For a differentiable convex function \(\phi : \mathbb R \to \mathbb R\) the Bregman divergence from \(x\) to \(y\) is defined as \[\triangle_\phi(x\|y) ~=~ \phi(x) - \phi(y) - (x-y) \phi'(y) .\] Bregman divergences are very popular and prevalent in machine learning. In this post we think about what happens if we start with \(\phi\) convex but not differentiable. In particular we look at the simplest such function, the absolute value function. One way to approach this question is to think about the selection of sub-gradients. Here we study this question by means of limits of natural families of convex functions.
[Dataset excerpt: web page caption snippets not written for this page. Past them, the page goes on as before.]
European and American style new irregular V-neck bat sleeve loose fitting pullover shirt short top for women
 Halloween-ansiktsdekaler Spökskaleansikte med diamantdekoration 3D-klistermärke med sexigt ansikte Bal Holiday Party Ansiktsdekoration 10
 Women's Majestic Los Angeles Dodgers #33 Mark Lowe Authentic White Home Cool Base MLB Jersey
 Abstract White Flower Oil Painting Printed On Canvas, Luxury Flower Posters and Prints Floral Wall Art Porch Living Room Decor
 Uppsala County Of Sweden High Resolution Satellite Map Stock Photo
We consider two families of differentiable convex functions. First the \(p\)th power for \(p > 1\). \[F_p(x) ~=~ |x|^p\] which gives \[\triangle_{F_p}(x\|y) ~=~ |x|^{p} - \operatorname{sgn}(y) \big( p x + (1-p) y \big) |y|^{p-1}\] and secondly the log-cosh function (recall that \(\sinh(\theta) = \frac{e^{\theta} - e^{-\theta}}{2}\), \(\cosh(\theta) = \frac{e^{\theta} + e^{-\theta}}{2}\) and \(\tanh(\theta) = \frac{\sinh(\theta)}{\cosh(\theta)}\)) \[G_\eta(x) ~=~ \frac{1}{\eta} \ln (\cosh (\eta x))\] which gives \[\triangle_{G_\eta}(x\|y) ~=~ \frac{1}{\eta } \ln \frac{ \cosh (\eta x) }{ \cosh (\eta y) } + (y-x) \tanh (\eta y) .\] Here is a graph showing both \(F_p\) and \(G_\eta\) (this is both the graph of \(F_p(x)\) and \(G_\eta(x)\) and of \(\triangle_{F_p}(x\|0)\) and \(\triangle_{G_\eta}(x\|0)\)):

Now by design, we can take the limit of \(p \to 1\) or \(\eta \to \infty\), pointwise, and we end up with the the absolute value function: \[H(x) ~:=~ |x| ~=~ \begin{cases} \lim_{p \to 1} F_p(x) \\ \lim_{\eta \to \infty} G_\eta(x) \end{cases}\] The absolute value function is convex, but not differentiable. Yet, by the same pointwise limit construction we can associate a perhaps natural Bregman divergence to it, namely \[\triangle_H(x\|y) ~:=~ \begin{cases} \lim_{p \to 1} \triangle_{F_p}(x\|y) \\ \lim_{\eta \to \infty} \triangle_{G_\eta}(x\|y) \end{cases} ~=~ |x| - \operatorname{sgn}(y) x .\] Again the limit coincides for both starting points. This divergence is interesting. It does only depend on \(y\) through its sign. We may rewrite it as follows \[\triangle_H(x\|y) ~=~ \begin{cases} 2 x_-& y > 0 \\ 2 x_+ & y < 0 \\ |x| & y = 0 \end{cases}\] where \(x_+ = \max\{0,x\}\), \(x_- = \max\{0,-x\}\) so that \(|x| = x_- + x_+\). It is a nice convex function in \(x\), but discontinuous in \(y\) at \(y=0\). Now if \(y \in \{\pm 1\}\), we find \[\triangle_H(x\|y) ~=~ 2 \max \{0, -y x\}\] which can be thought of as a zero-margin hinge loss.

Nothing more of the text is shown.